O what can ail thee, knight-at-arms,
Alone and palely loitering?
The sedge has wither’d from the lake,
And no birds sing.

I met a lady in the meads,
Full beautiful — a faery’s child,
Her hair was long, her foot was light,
And her eyes were wild…

She found me roots of relish sweet,
And honey wild, and manna-dew,
And sure in language strange she said —
I love thee true…

And there she lullèd me asleep,
And there I dream’d — Ah! woe betide! —
The latest dream I ever dream’d
On the cold hill’s side.

I saw pale kings and princes too,
Pale warriors, death-pale were they all;
They cried — “La Belle Dame sans Merci
Hath thee in thrall!”

And this is why I sojourn here
Alone and palely loitering,
Though the sedge is wither’d from the lake,
And no birds sing.


Analysis

Keats revives the medieval ballad as a modern caution.

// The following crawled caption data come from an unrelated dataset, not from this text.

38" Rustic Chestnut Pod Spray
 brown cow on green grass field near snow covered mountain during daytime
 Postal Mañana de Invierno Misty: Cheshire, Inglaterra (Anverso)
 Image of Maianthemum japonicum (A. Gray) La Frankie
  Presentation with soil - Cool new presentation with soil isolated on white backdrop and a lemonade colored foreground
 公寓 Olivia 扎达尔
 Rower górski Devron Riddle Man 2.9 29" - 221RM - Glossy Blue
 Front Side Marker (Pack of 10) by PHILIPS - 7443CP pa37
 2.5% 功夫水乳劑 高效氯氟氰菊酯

The knight’s tale is all appetite and enthrallment until a dream exposes a pattern — victims in a procession of pale. The refrain of withered sedge and silence turns landscape into diagnosis: desire has drained the world of season and sound.

Ambiguity is the poem’s power. Is the lady a fatal enchantress, or is the knight captive to his projection of perfect love? Keats refuses to settle the blame, letting the lyric’s eerie economy — short lines, insistent rhymes — hold the ache. What remains is warning without moralism, a story that explains nothing and therefore lingers.